In the course of belittling this weekend’s anti-war rally in DC, Andrew Sullivan makes outrageous allegations about the size of the crowd, and then, quickly, corrects. Sullivan is a proto-conservative, and so his views are largely antithetical to mine, but he’s also one of my favorite bloggers, because he writes well and seems to build his opinions out of actual facts and a careful, reasoned sort of morality. So what’s with the kneejerk reaction to the march? He supported the war at the outset, but soon grew disenchanted with the way it was executed and has become, to my mind, one of its most vociferous and effective critics. He probably doesn’t agree with the political views of most of the march’s participants, but he must agree, to some extent, with their reason for being there.

I think there are two things going on here: one, the protesters arrived at their opposition from completely different avenues than he did, paths that Sullivan likely abhors; second, I think conservatives just dislike big marches like this, on principle. By and large, people don’t mass spontaneously in support of Republican priorities: you’ll never see huge crowds getting together in front of cameras to support a massive tax cut for the very rich, or an environmentally disastrous repeal of mercury standards, or a prescription drug bill that forbids the government from bargaining for better prices, or an initiative to eliminate personal bankruptcy. The rallies that live on in our minds were pro-worker, pro-civil rights, anti-Vietnam (Johnson was the prime malefactor in the Vietnam war, of course, but I’d argue that his actions with regard to that war were largely anti-Democratic).

Large bodies of citizenry massed in one placed must scare the shit out the jackals who run this administration, in particular, because most of their policies do not bear scrutiny.
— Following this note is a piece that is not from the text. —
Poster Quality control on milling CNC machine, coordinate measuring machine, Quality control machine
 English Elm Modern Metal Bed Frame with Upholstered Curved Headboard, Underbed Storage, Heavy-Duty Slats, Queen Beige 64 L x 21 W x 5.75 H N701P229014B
They are conceived and fostered in the shadows, where their details and their implications are hard to see, unless you look very hard. BushCo relies on people not looking too hard, and a good deal of its political machinery is devoted to distracting its audience with props and platitudes and huge, sunny lies that are repeated so often and so ubiquitously that they become a kind of folk truth.

Rallies like this, then, tens of thousands of people in protest motley marching on the Whitehouse, drawing attention to the lies that got us into this war, the criminal incompetence that’s sinking us into is muck, shine an unwelcome light on what is arguably this administration’s greatest policy failure. But it’s just one failure of many; and if this domino falls, all of the others — the fiscal mismanagement, the rampant cronyism, the entrenched corruption, the pervasive kowtowing to the priorities of big business — will fall too, and this administration will be exposed for the unnatural disaster that it is.